My kingdom for a Powered Large Wheel

If I had to choose a single incident to sum up my time in physics-y medieval build and destroy ‘em up Besiege, it would probably be the time I got 15 steps into its 33-part guide to making a plane, saw that it was asking me to access the “advanced build” menu, despaired for a second, and then realised that I didn't need a plane at all: I could do what I wanted to just by making a really tall, leggy mess of a thing. This was my quintessential Besiege moment for a lot of reasons, but the main one is this: Besiege lets you do a lot of very complicated things, but it’s actually a lot more fun when you’re just messing about.

Besiege is a game about building weapons and unleashing chaos. The campaign unfolds across a few dozen levels, each with a different objective. Typically this involves destroying something, be it person, animal, or building. But it can also be something more subtle, like navigating narrow mountain paths or stealing supplies. Each requires a different approach, and there’s little to no guidance offered on what that approach should be. Instead, it’s just you, the goal, and an utter maze of machine-building possibilities in between.

So you build. And boy does building feel good. The menu is unobtrusive but easy to navigate, and blocks snap together with a single, satisfying hammer clink. Testing your work against the objective and then jumping back into the build mode to iterate is as easy as hitting the play and stop button; any damage done to your rickety craft is immediately smoothed over, and you can get right back to work.

This build-test-iterate loop lends a compelling momentum to levels. Often that momentum can go somewhat off the rails, with an idea growing in complexity until the machine you've built is a Frankenstein’s monster, only loosely based on the original concept at all. This is excellent. And while it might often be more straightforward to start over and begin something new, there’s nothing quite like using over a hundred blocks to lift a single-shot cannon a few feet in the air in order to knock down a standing stone.

Increasingly chaotic machines also mean increasingly chaotic physics. Some of the chaos is maybe down to bugs, or at least unintentional interactions - like my machine that juddered itself to pieces within three seconds of switching it on, for unexplained reasons. The reasons don’t really matter, to be honest. Intentional or not, I found myself laughing out loud multiple times as things utterly backfired – sometimes literally. The time I spent painstakingly creating an obviously inefficient, twisted, and ugly weapon all set up the perfect punchline when the cannon fired itself out of the rear wall of the machine it was built in, tearing the whole thing to shreds.

To a degree, this kind of machine-based mad science is only possible because the game does so little to push you in the most effective directions towards the tasks it gives you. Still, it could stand to give a little more guidance. Many of the dozens and dozens of blocks available don’t have any immediately obvious applications, so I often felt like I was only playing with half the toolbox, even though I was more than willing to experiment.
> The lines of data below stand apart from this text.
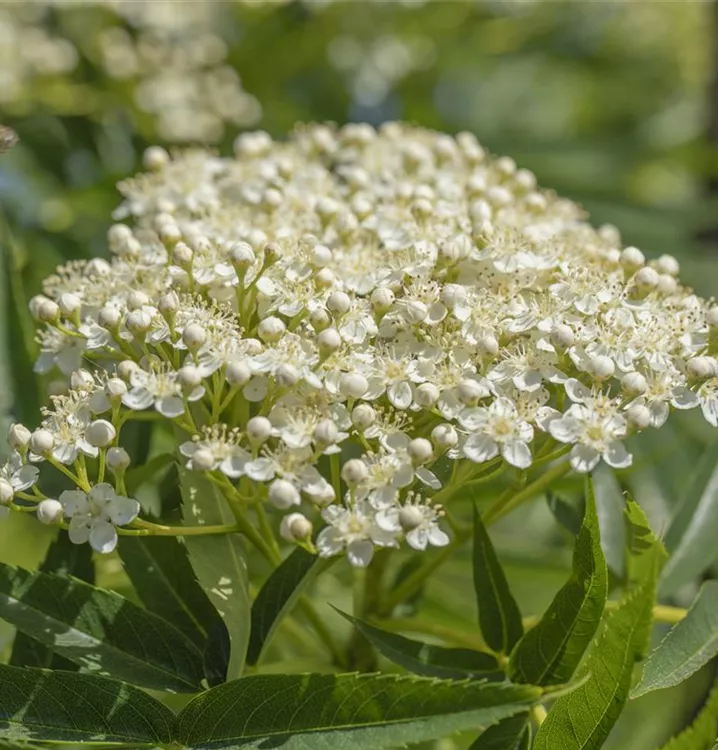 Vielfiedrige Eberesche - Sorbus vilmorinii - Collection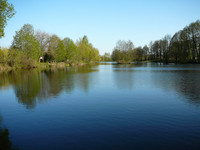 P1100051_resize.JPG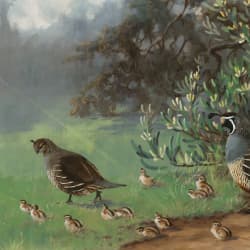Chicks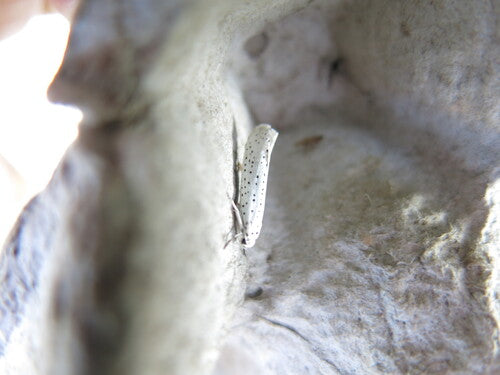 Gespinstmotten — Bild 5 von 50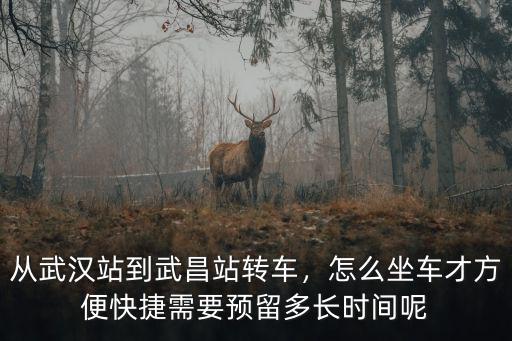 武漢站怎么送人乘車,怎么坐車才方便快捷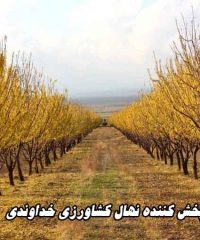 پخش کننده نهال کشاورزی خداوندی در شیراز
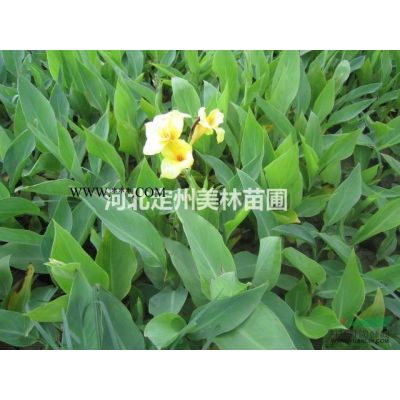 密枝红叶李营养杯苗高度60公分市场行情图3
On the other end of the problem, necessary mechanics like steering are only explained in guides hidden away in the menu, and even after following them I often didn’t feel as though I totally had the hang of the trick in question.

This is not to say that there aren’t an awful lot of people who do have a very good handle on Besiege already. It’s been in early access for five years now, and it looks like a lot of the current features were in place all the way back in February of 2015. That’s a long time in which to build a community, and Besiege’s has been utterly prolific in the mod department. There’s hundreds of thousands of pre-built machines you can crib with ease through its inbuilt mod integration, whether you’re looking for something simple that’ll cruise you through a certain level, or you just want to get weird. Not into the medieval style? Don’t worry, you can easily make it a game about fighter jets. Or Gundam. There’s also everything from new tools which make building easier, to fresh skyboxes, to mods that’ll turn the sheep all the colours of the rainbow.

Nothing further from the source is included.